Uber has a complicated, sometimes litigious relationship with its drivers, but the two sides have taken a step toward working together in New York City. The company has agreed to work with a group of drivers called the Independent Drivers Guild, giving them input on certain issues, like fare changes and driver deactivations. The guild is the first labor group the company has officially recognized.

Uber, which has been criticized for its labor model in which drivers are considered independent contractors, agreed to support the formation of the guild after months of discussions with the International Association of Machinists and Aerospace Workers.

Under the terms of the deal, which will be in effect for five years, members of the drivers’ group will hold monthly meetings with Uber management where they can voice concerns. Individual drivers will be able to appeal if Uber bars them from the platform, and drivers will also be eligible for discounts on things like life insurance and roadside assistance. Those will be covered by the guild’s administration costs, which Uber will help to fund.

The guild also hopes to create a fund to offer benefits like paid time off and retirement savings accounts. But the drivers’ group is not a proper union, as drivers won’t be able to collectively bargain for a contract that spells out fares or other protections. In other words, even with increased input from drivers, those decisions will still be made unilaterally by the company.

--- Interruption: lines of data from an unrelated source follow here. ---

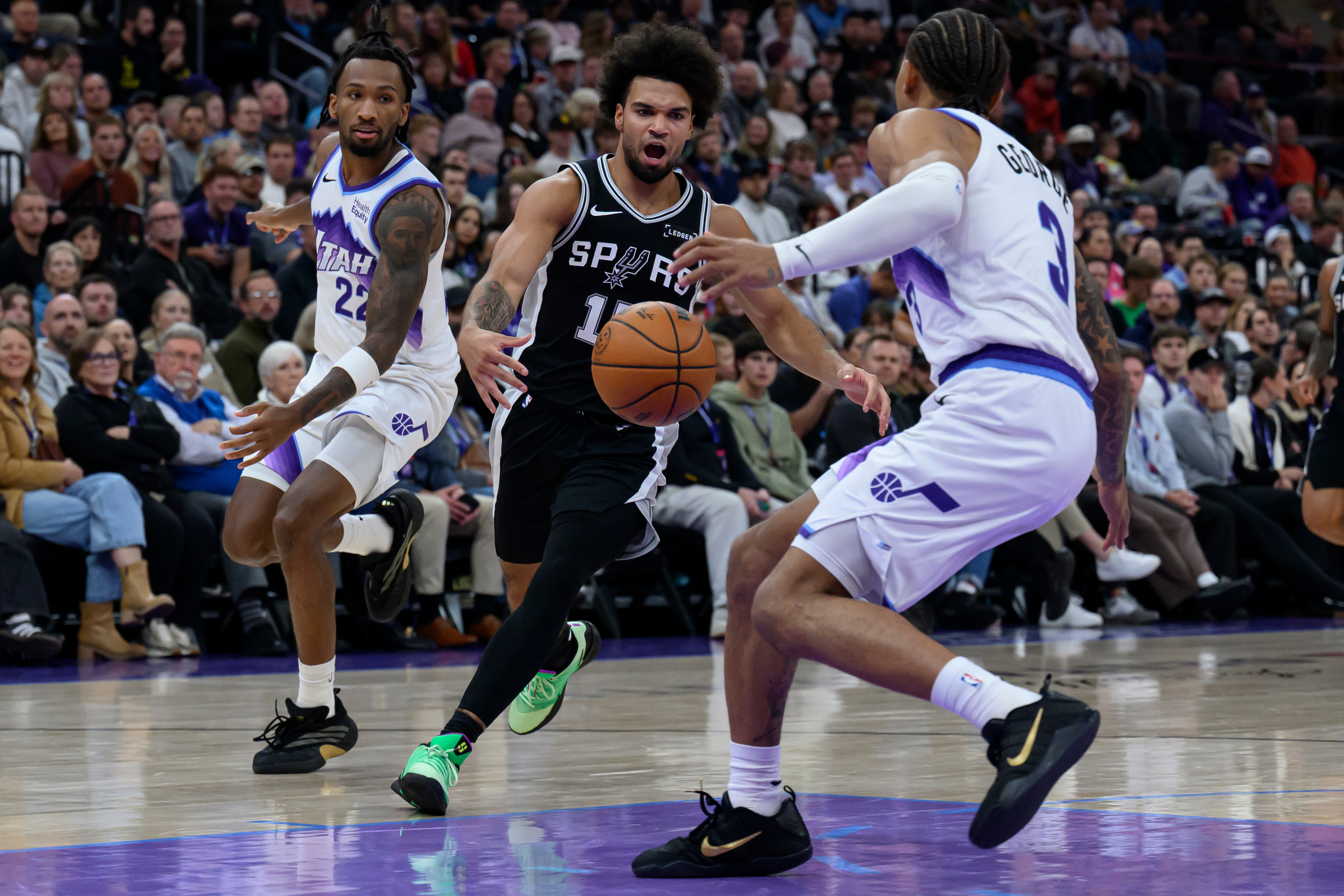 ‘Insane’ San Antonio Spurs’ Rookies Demand a Bigger Role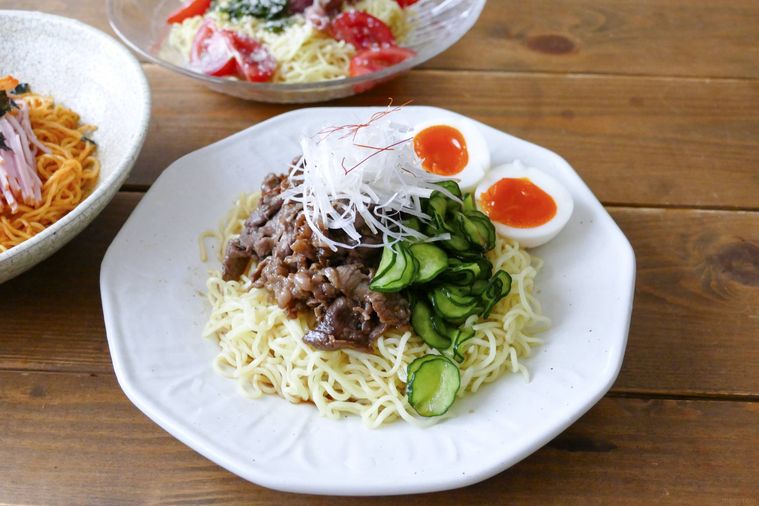 変わり種冷やし中華が3皿並ぶ様子
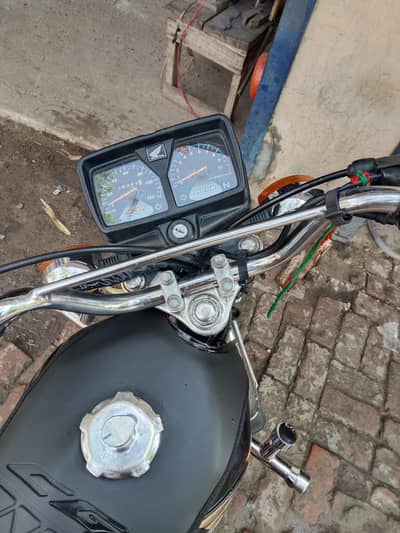 Honda bike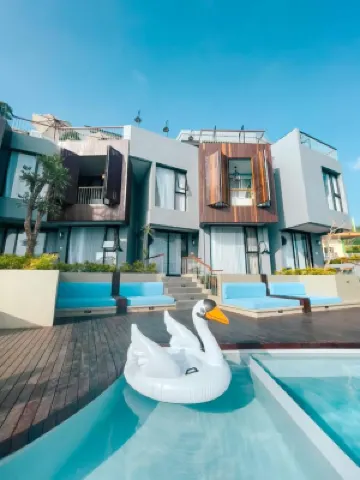 The Svasana Villa's Hotels in 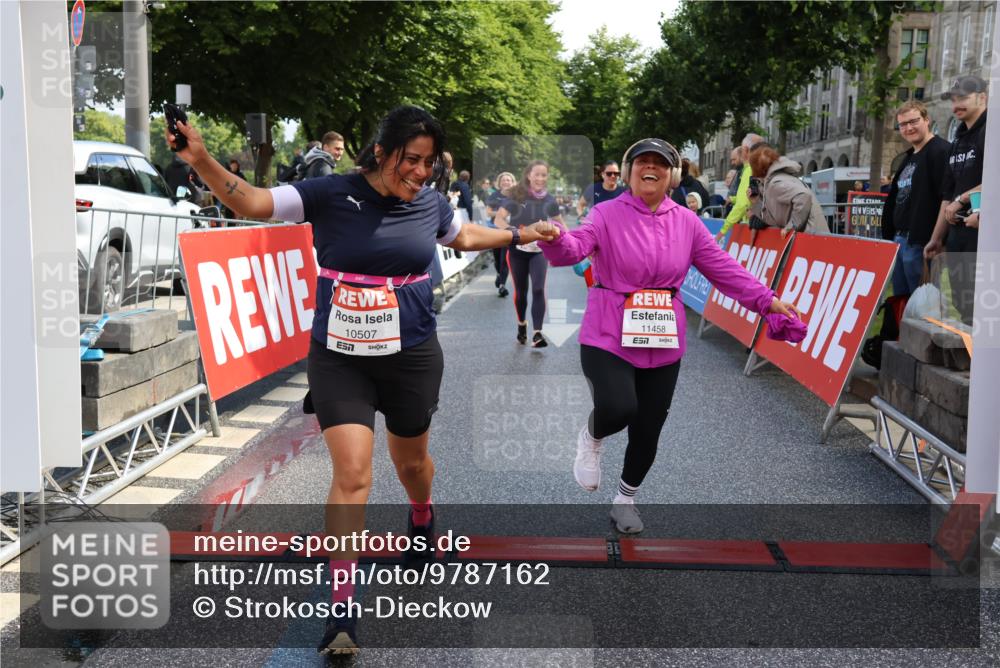 14.06.2026 - REWE Women's Run Strokosch-Dieckow http://msf.ph/oto/9787162 14.06.2026 10:13:29 Ziel 10186, 10297, 10366, 10507, 10887, 10948, 11257, 11282, 11362, 11458 meine-sportfotos.de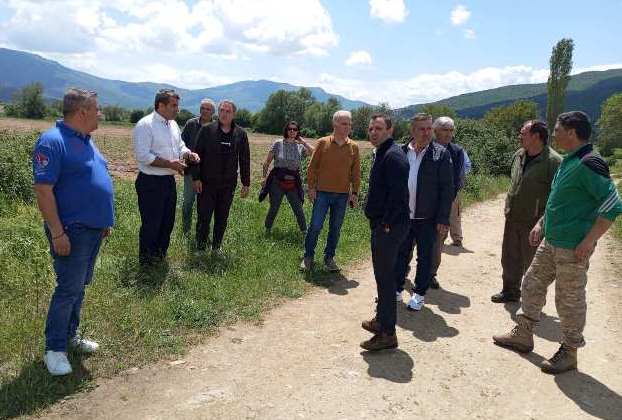 Επίσκεψη του κ. Σαββόπουλου σε περιοχές του Δήμου Καστοριάς που επλήγησαν από τη σφοδρή χαλαζόπτωση
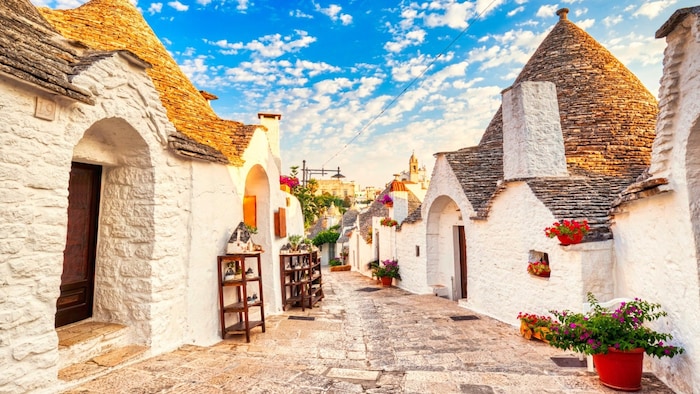 Wenn die Abendsonne über die Kuppeldächer fällt, wird Alberobello leiser – ein Ort voller Ruhe, ...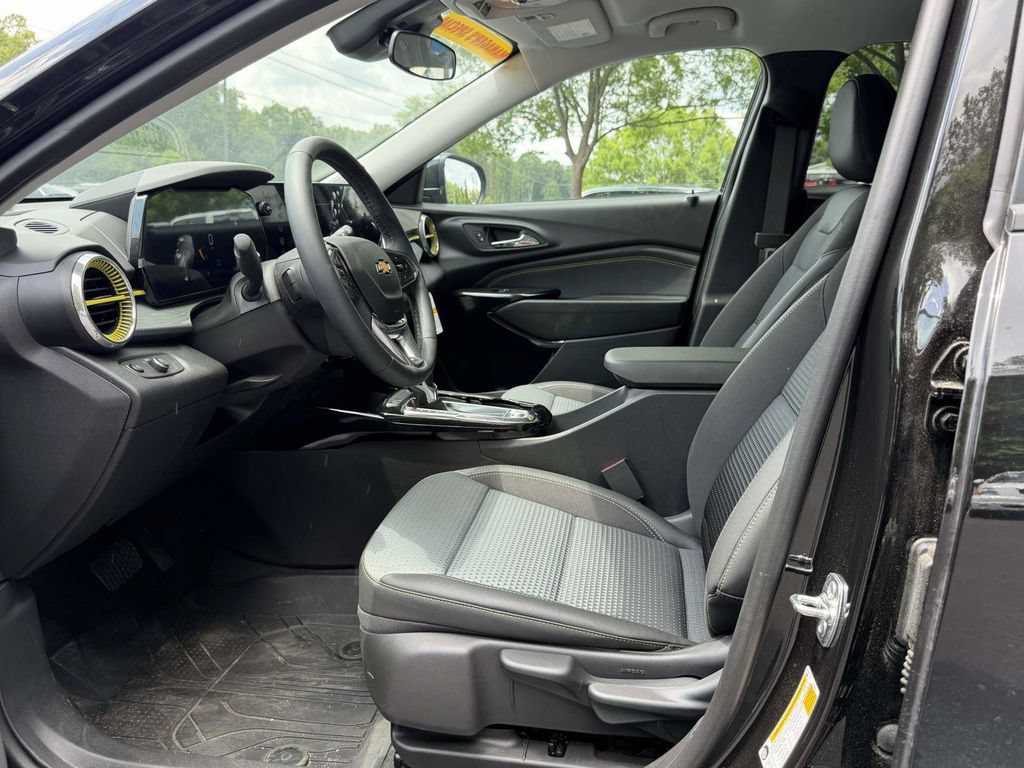 New 2026 Chevrolet Trax LT w/ Driver Confidence Package FWD image 16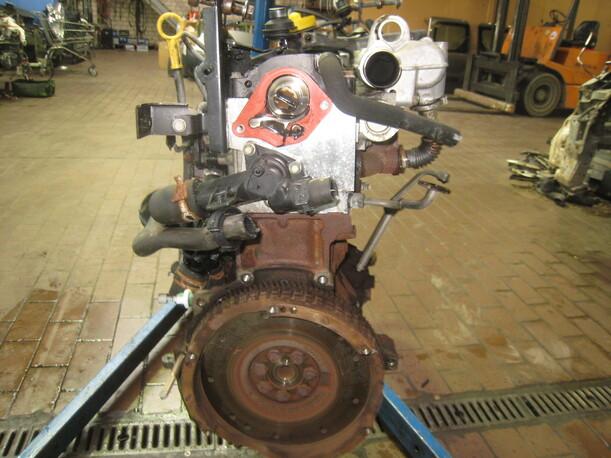 Foto: MOTOR K9K722 eines Nissan Micra 1.5 dCi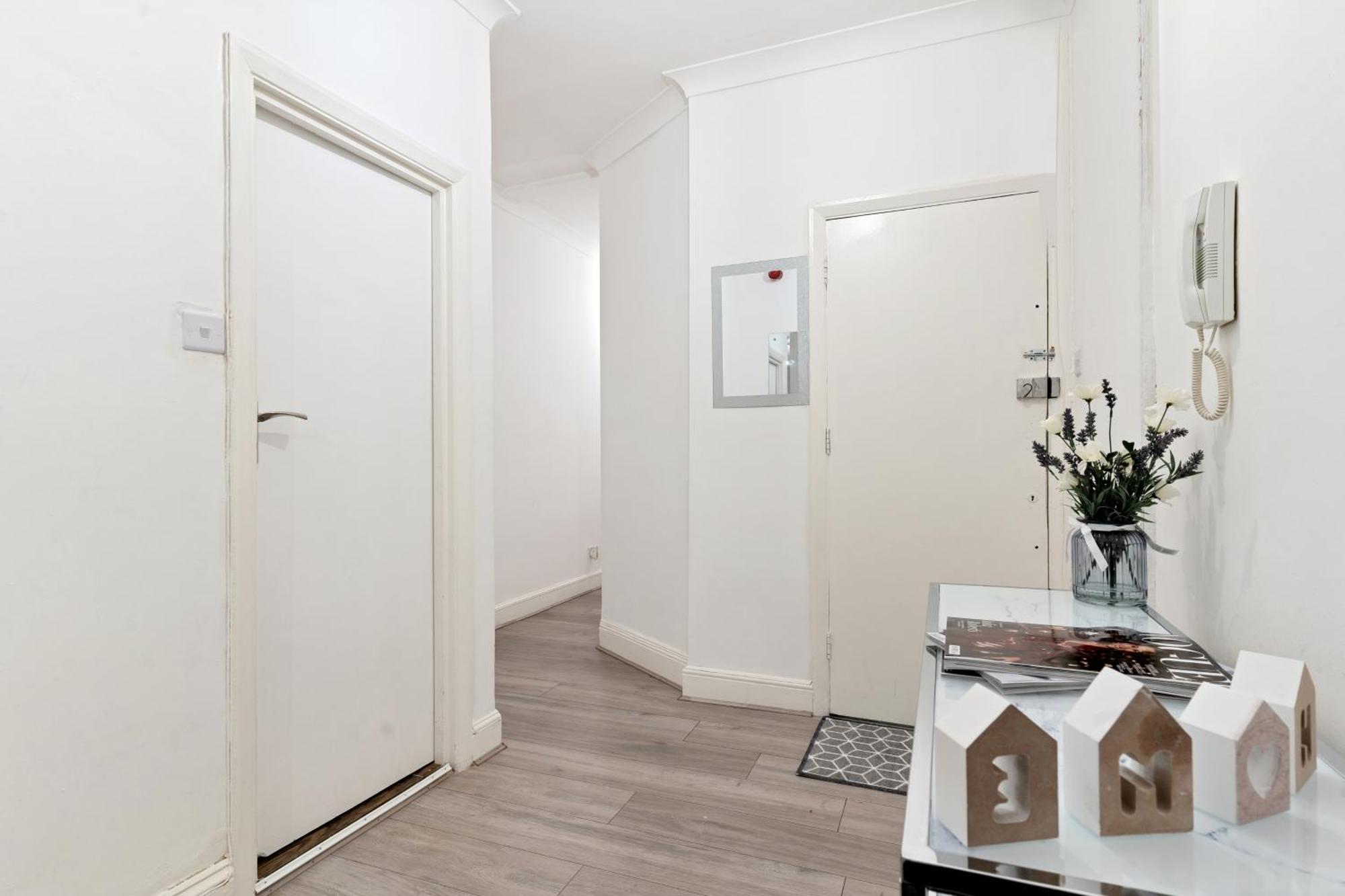 Stylish 2 Bed Apartment Near Central London Exterior photo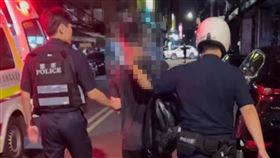 台北市內湖區東湖市場臭豆腐攤遭撞，15歲曾姓少年送辦。（圖／翻攝畫面）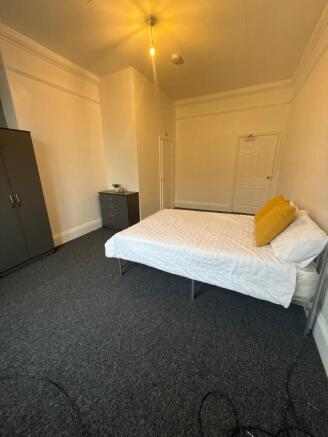 Bright, neatly presented double bedroom with a ...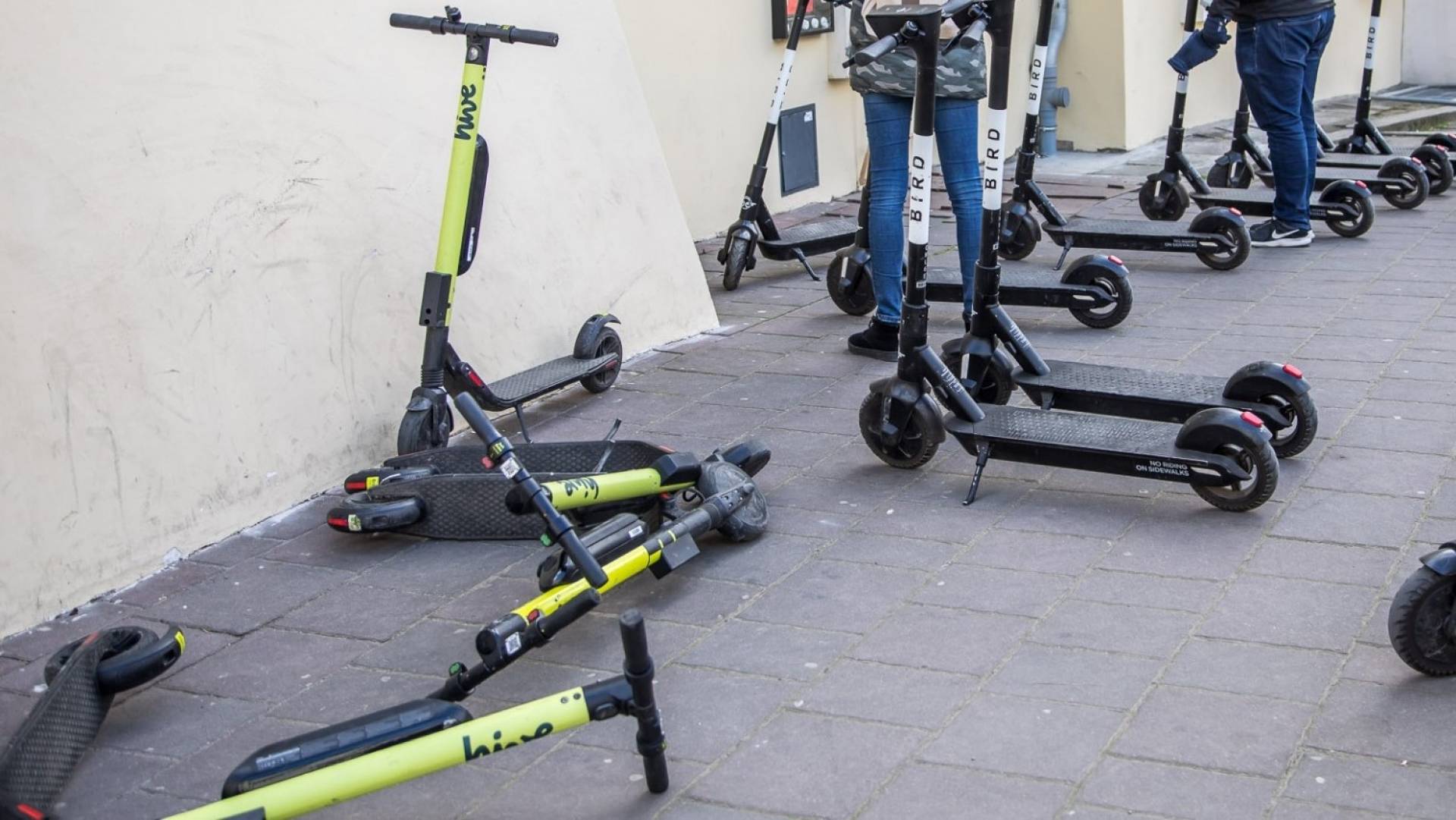 Hulajnogi pod kontrolą? Mają jeździć wolniej i nie parkować gdzie popadnie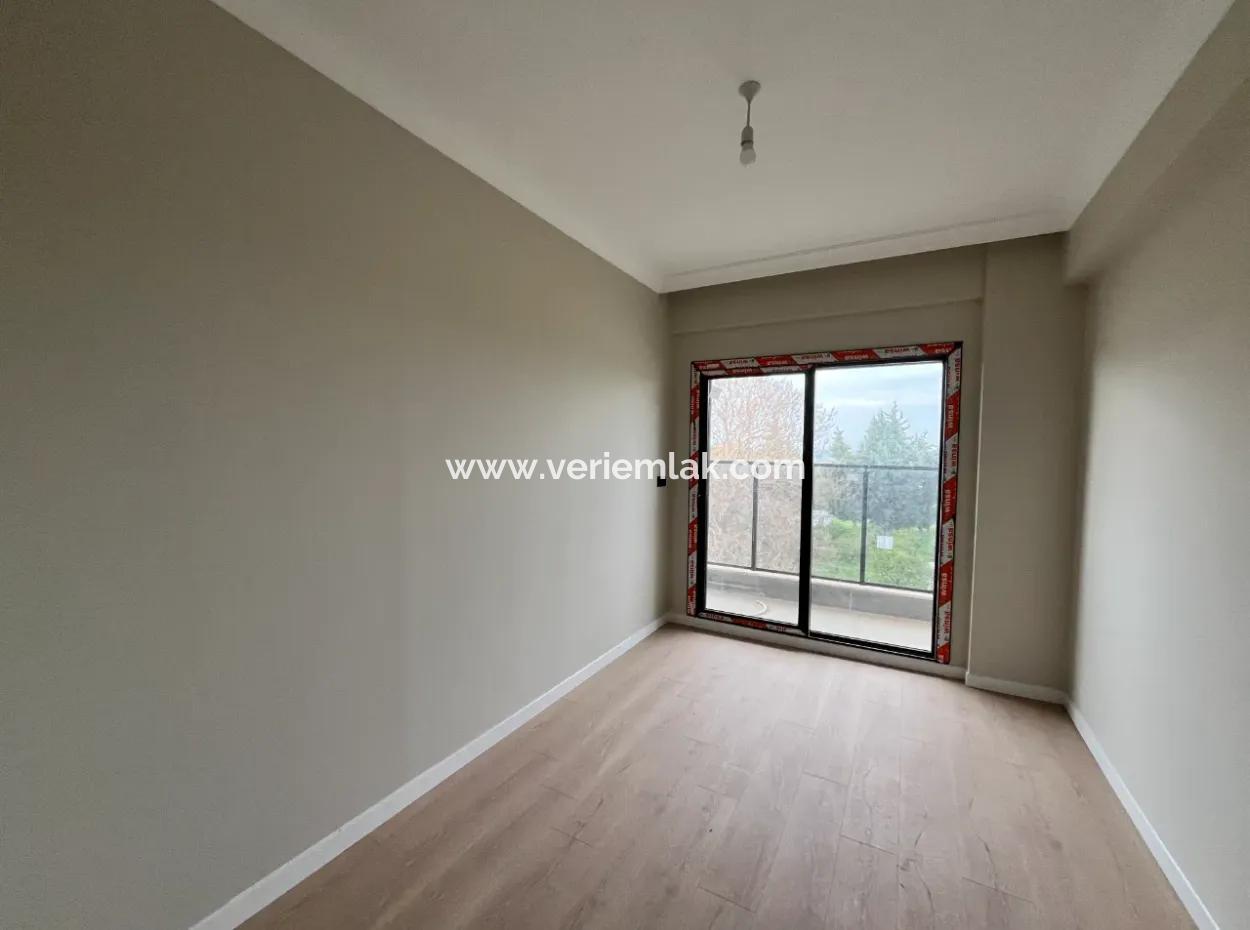 Seferihisar Camikebir Mahallesinde Bahçeli, Havuzlu Ve Güvenlikli Sitede 3+1 Ara Kat Ferah Daire!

The Times reports that the guild indicated that it won’t try to unionize drivers over the course of the five-year agreement, and also would not encourage them to strike or wage campaigns to have them recognized as employees rather than as independent contractors. But the guild’s founder tells the paper that if drivers are classified as employees at some point during the next five years, it could then try to unionize them at their request.

Uber has more to gain here than a better relationship with its drivers. Currently, New York State law levies a 9 percent tax on black-car rides that doesn’t apply to yellow cabs. And so, as part of the agreement, the machinists’ union will help Uber lobby the State Legislature to change the law so all hired vehicles are treated equally.